China will also have space to respond to Mr Trump’s actions, reducing the risk of immediate dramatic retaliation from Beijing, and Mr Trump struck an emollient tone as he started speaking, saying “I view them as a friend”.
“We have spoken to China and we are in the middle of negotiations,” Mr Trump said.
He said the loss of American jobs due to unfair trade was one of the main reasons he had been elected in 2016.
The United States runs a $486 billion goods trade deficit with China.
Washington will also pursue alleged breaches of intellectual property law by China through the World Trade Organisation, a body that has repeatedly drawn the ire of the administration but which could provide a resolution that avoids a trade war.
Global stocks had sold off on Thursday (local time) on the expectation of tough action from Mr Trump, with US markets down as much as 2 per cent, but recovered somewhat after the announcement.
Following Mr Trump’s announcement, the US Trade Representative’s office will present a list of products that could be targeted, primarily from the high-tech sector.
There will then be a 60-day consultation period before definitive action will be put into force.
White House officials told a briefing ahead of the trade announcement that the administration was eyeing tariffs on $64 billion in Chinese goods.
They said the figure was based on a calculation of the impact on the profits of US companies that had been forced to hand over their intellectual property as the price of doing business in China.
There was no explanation of the difference between the numbers provided by White House officials in the briefing and Mr Trump’s $77 billion.
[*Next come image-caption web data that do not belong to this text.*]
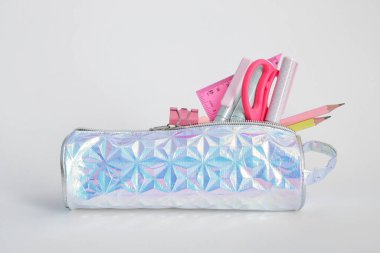 Beyaz arkaplanda kırtasiye malzemesi olan kalem kutusu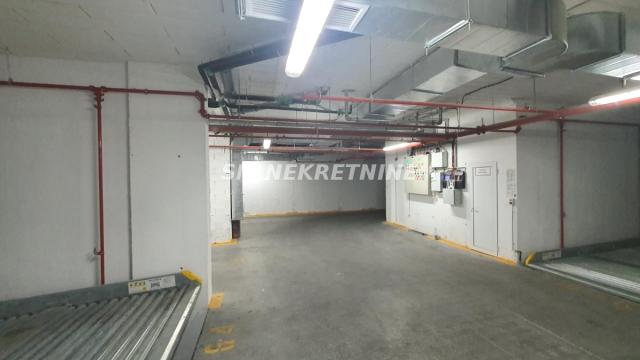 Poslovni prostor, Izdavanje, 14m2, Bulbulder, Zvezdara, Dimitrija Tucovića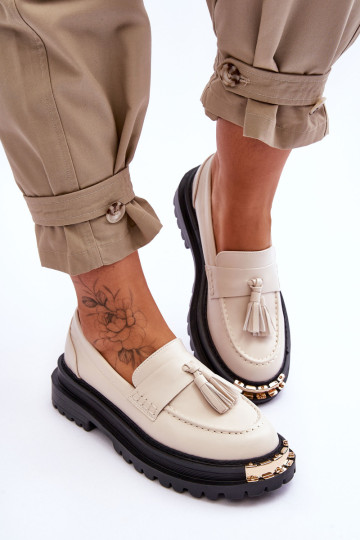 Klasikiniai zomšiniai loaferiai su Violet Monaro puošmena 2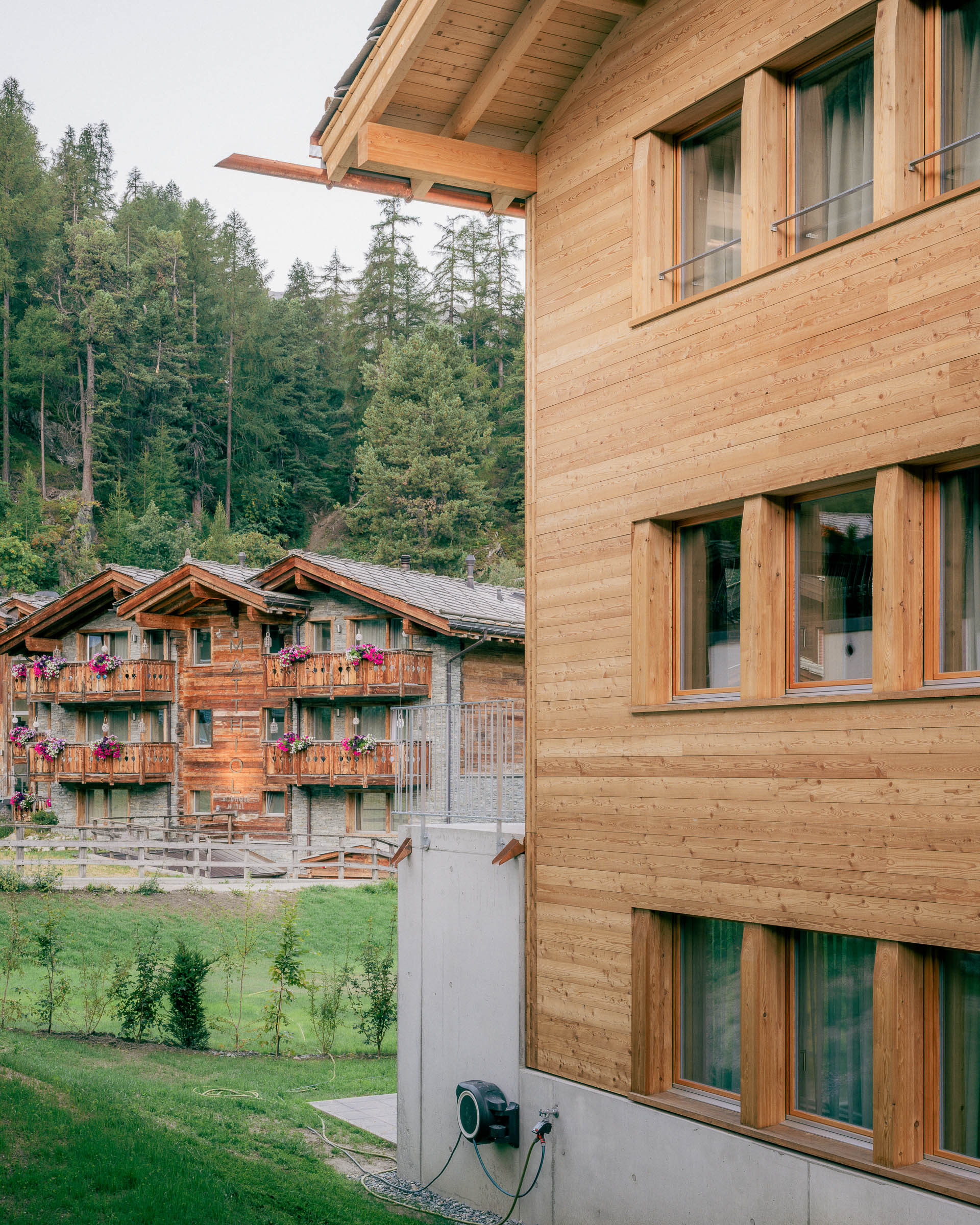 studiobirk, Moosweg, Zermatt, Umgebung, Fassadenordnung, Sockel, Sichtbeton
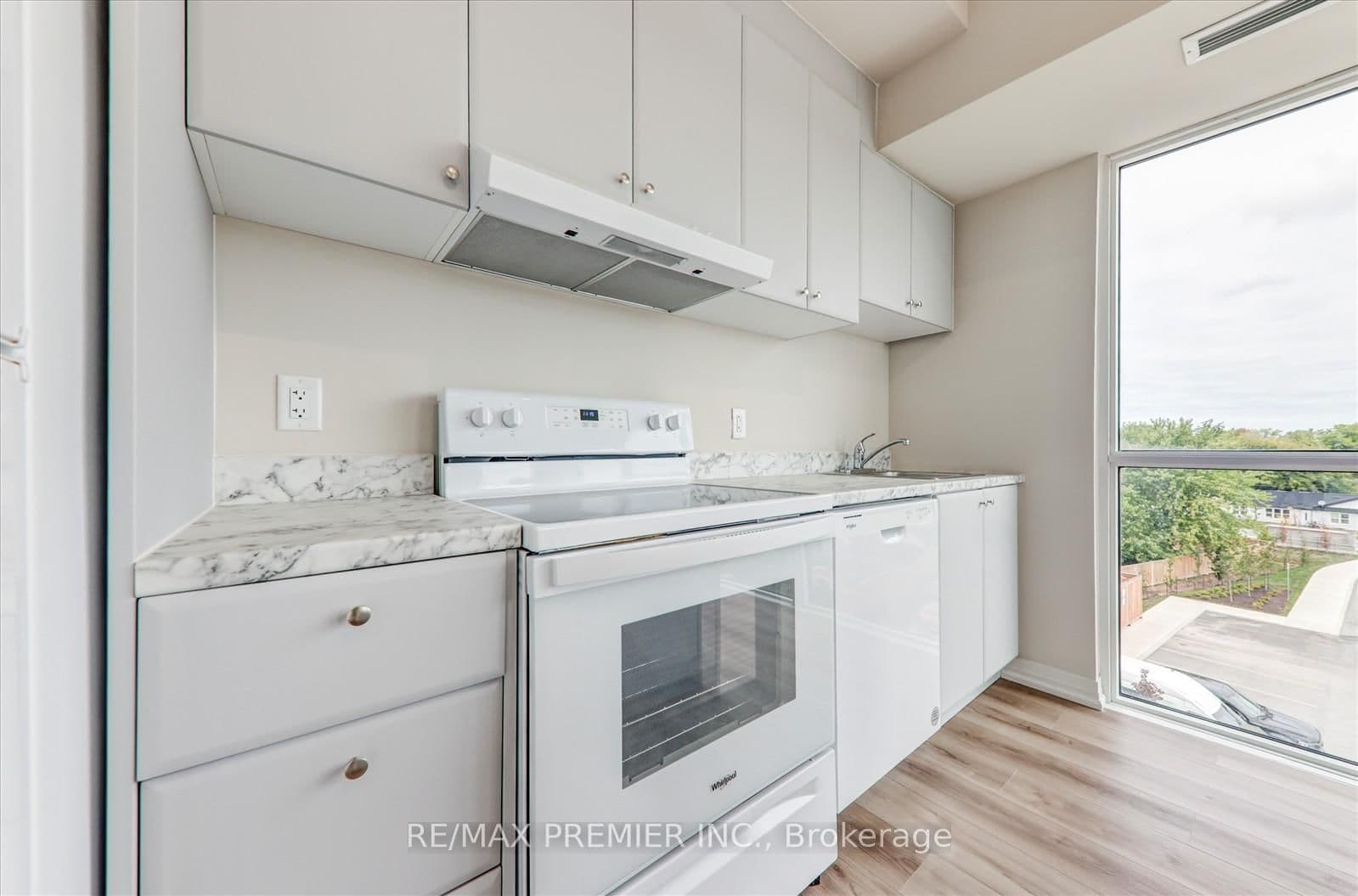 50 Herrick Avenue, Unit LP-17 thumbnail 16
“Many of these areas are those where China has sought to acquire advantage through the unfair acquisition and forced technology transfer from US companies … establishing its own competitive advantage in an unfair manner,” Everett Eissenstat, deputy director of the National Economic Council, told reporters.
In addition, Mr Trump will also direct the US Treasury to propose measures that could restrict Chinese investments in the United States, Mr Eissenstat said.
The tariffs and investment restrictions will be imposed under the US Trade Representative’s “Section 301” investigation into alleged misappropriation of US intellectual property by China.
Mr Eissenstat said the investigation clearly demonstrates unfair practices by China, which forces US investors to turn over key technologies to Chinese firms.